Re: [BUG][RFC] broken use of __lookup_mnt() in path_overmounted()

Christian Brauner <brauner@xxxxxxxxxx> · Mon, 2 Jun 2025 11:17:25 +0200

On Sat, May 31, 2025 at 09:57:00PM +0100, Al Viro wrote:
> 	More audit fallout.
> 
> Rules for using mount hash (will go into the docs I'm putting together):
> 	* all insertions are under EXCL(namespace_sem) and write_seqlock(mount_lock)
> 	* all removals are under write_seqlock(mount_lock)
> 	* all removals are either under EXCL(namespace_sem) or have parent's
> refcount equal to zero.
> 	* since all changes to hash chains are under write_seqlock(mount_lock),
> hash seatch is safe if you have at least read_seqlock_excl(mount_lock).  In
> that case the result is guaranteed to be accurate.
> 	* removals are done with hlist_del_init_rcu(); freeing of the removed
> object is always RCU-delayed, so holding rcu_read_lock() over traversal is
> memory safe.  HOWEVER, it is entirely possible to step into an object being
> removed from hash chain at the time of search and get a false negative.
> If you are not holding at least read_seqlock_excl(mount_lock), you *must*
> sample mount_lock seqcount component before the search and check it afterwards.
> 	* acquiring a reference to object found as the result of traversal needs
> to be done carefully - it is safe under mount_lock, but when used under rcu_read_lock()
> alone we do need __legitimize_mnt(); otherwise we are risking a race with
> final mntput() and/or busy mount checks in sync umount.
> 
> Search is done by __lookup_mnt().
> Callers under write_seqlock(mount_lock):
> 	* all callers in fs/pnode.c and one in attach_recursive_mnt().
> Callers under rcu_read_lock():
> 	* lookup_mnt() - seqcount component of mount_lock used to deal
> with races.  Check is done by legitimize_mnt().
> 	* path_overmounted() - the callers are under EXCL(namespace_sem)
> and they are holding a reference to parent, so removal of the object we
> are searching for is excluded.  Reference to child is not acquired, so
> the questions about validity of that do not arise.  Unfortunately, removals
> of objects in the same hash chain are *not* excluded, so a false negative
> is possible there.
> 
> Bug in path_overmounted() appears to have come from the corresponding
> chunk of finish_automount(), which had the same race (and got turned
> into a call of path_overmounted()).
> 
> One possibility is to wrap the use of __lookup_mnt() into a sample-and-recheck
> loop there; for the call of path_overmounted() in finish_automount() it'll
> give the right behaviour.
> 
> The other one, though...  The thing is, it's not really specific to
> "move beneath" case - the secondary copies always have to deal with the
> possibility of "slip under existing mount" situation.  And yes, it can
> lead to problems - for all attach_recursive_mnt() callers.

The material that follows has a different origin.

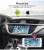 Import Wired to Wireless Carplay  Android 9.0  Support Phone Cast USB Drive  USB Plug in and Play from China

Fwiw, I have pointed this out in one of my really early submission of
this work and had asked whether we generally want the same check. That's
also why I added the shadow-mount check into the automount path because
that could be used for that sort of issue to afair but my memory is
fuzzy here.

> 
> Note that do_loopback() can race with mount(2) on top of the old_path
> - it might've happened between the pathname resolution for source and
> lock_mount() for mountpoint.  We *can't* hold namespace_sem over the
> pathname resolution - it'd be very easy to deadlock.

Yes.

> 
> One possibility would be to have all of them traverse the chain of
> overmounts on top of the thing we are going to copy/move, basically
> pretending that we'd lost the race to whatever had done the overmount.
> The problem with that is there might have been no race at all - it
> might've come from "." or a descriptor + empty path.  In this case
> we currently copy/move the entire thing and it just might be used
> deliberately.
> 
> Another possibility is to teach attach_recursive_mnt() to cope with the
> possibility of overmounts in source - it's not that hard, all we need is
> to find the top of overmount chain there in the very beginning and in all
> "slip under existing mount" cases have the existing mount reparented to
> the top of that chain.

I'm seeing you have already sent a second mail so I take it you made a
decision already but the second option seems sanest to me.